So you are hurt emotionally that he lashed out at you like that but you enjoyed it before you knew that he was lashing out due to his unhappiness and anger?

That's what I'm saying. You enjoyed what he did before. The context has changed but I'll bet that was one of the best sessions you ever had with him before the context changed. So I'd say that you could channel it if you could get past this hurt.

You are most welcome. I don't have a huge amount of experience in BDSM but I do have some with pulling a husband into it when he claims he doesn't want to go there.

I'm sorry the three sessions had nothing in them to please you. It makes me wonder if he isn't trying to kill your hunger for this sort of play by making you do what he knows you do NOT like. I can see a guy doing that. Give her enough of her own medicine and she'll quit wanting it but in my case he would just possibly drive me to someone who would do the things I had a deep need for. I've been tempted to do so a along. It's only my love and trust with him that keeps me from doing that. If I thought he were playing those sorts of games with me, it would piss me off, possibly bad enough to be selfish enough to go for what I deeply feel driven to.

Good luck to you!

I'll be thinking about you.

*HUGS*
Thanks! It wasn't the best session we'd ever had, it was nice, but I had enjoyed what he was doing. I don't think anger like that should be channelled - I'd rather not play with somebody who has so little regard for me.

I don't think he was trying to kill my hunger - I think that he just didn't consider my needs at all.

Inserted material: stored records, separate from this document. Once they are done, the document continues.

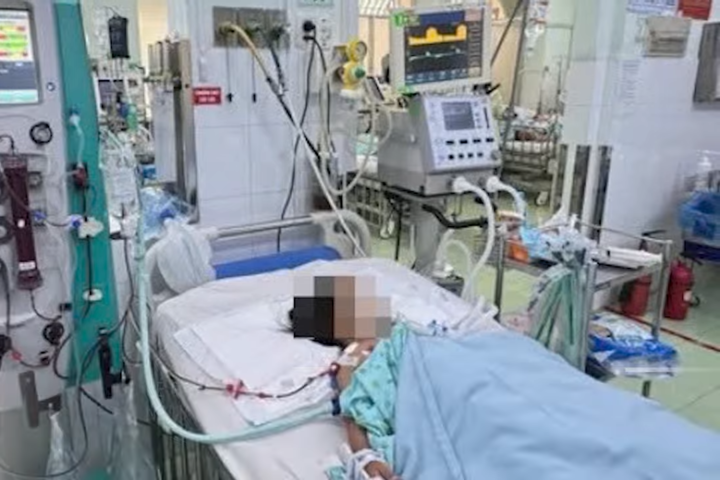 越南胡志明市登革熱疫情惡化單周507確診　許多兒童重症休克待救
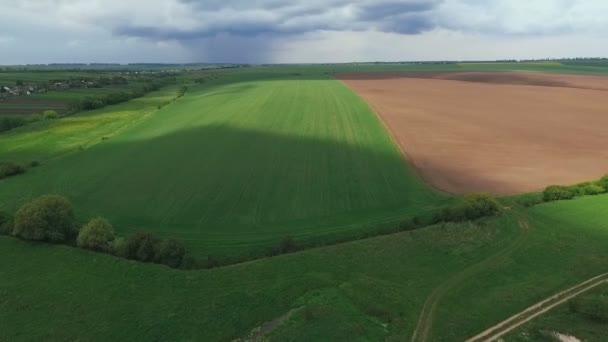 Campos bajo el cielo, plantas, trigo verde, tierra. Vista aérea — Vídeos de Stock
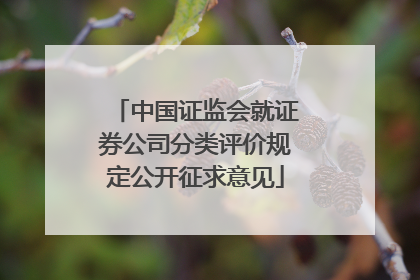 中国证监会就证券公司分类评价规定公开征求意见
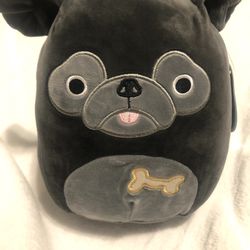 Squishmallow Bongo The Pug NEW w Tags Plush toy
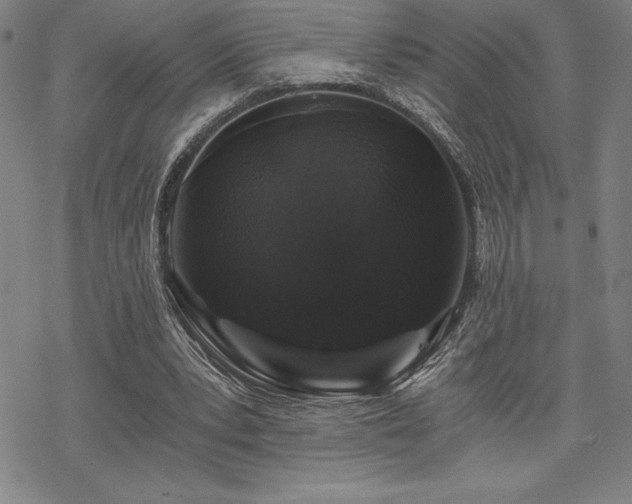 X0000068810391200605051150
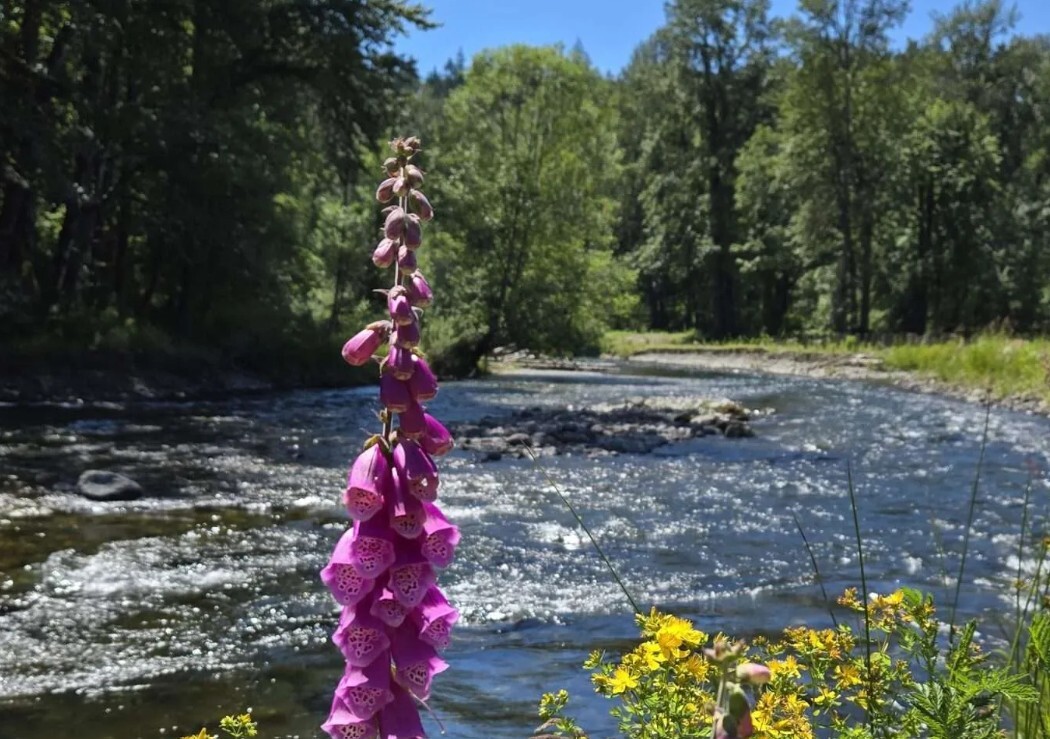 Flood Control Grants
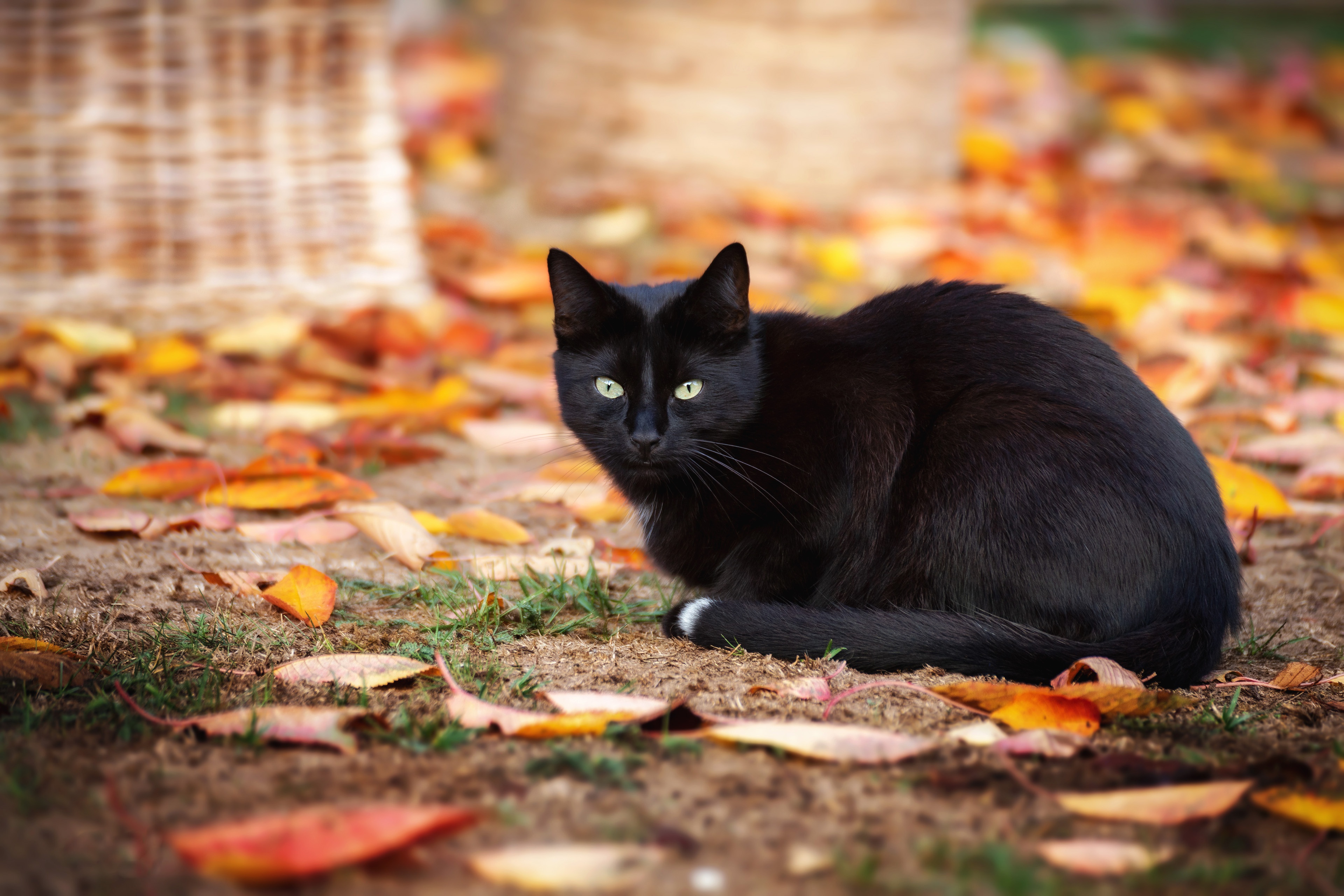Черная кошка осень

Just saw this thread. Tourguide is correct. What he did breaks all the rules for a dom. Severly.

This is no little thing. To hit your submissive in anger is so basicly wrong that it almost defies description. You do not ever punish when you are angry or scene with a motive like revenge. This goes beyond all common sense.
He has shown that he is not to be trusted. This is not a game when it gets like that.
This is my thinking too. I felt really betrayed by his behaviour. I do try to do anything that he wants, and as far as I was aware I had done nothing wrong, so it came as a bit of a shock.
Agreed about a dom never using revenge as a motivator in a scene.

However, what about a non-dom trying to get into it? I can see where it might help him to get to that point. Nothing I'd trust for scening into the future and nothing I'd want to be on the receiving ends of. But I can see it being used as a means to an ends for a non-sadist to give a masochist what they want pain-wise.

The one thing that does really concern me is that your husband was even looking for revenge in the first place, but never discussed with you any issue he had to begin with.
Agreed. How do I know when he is going to be angry with me and therefore not safe to scene with if he doesn't tell me?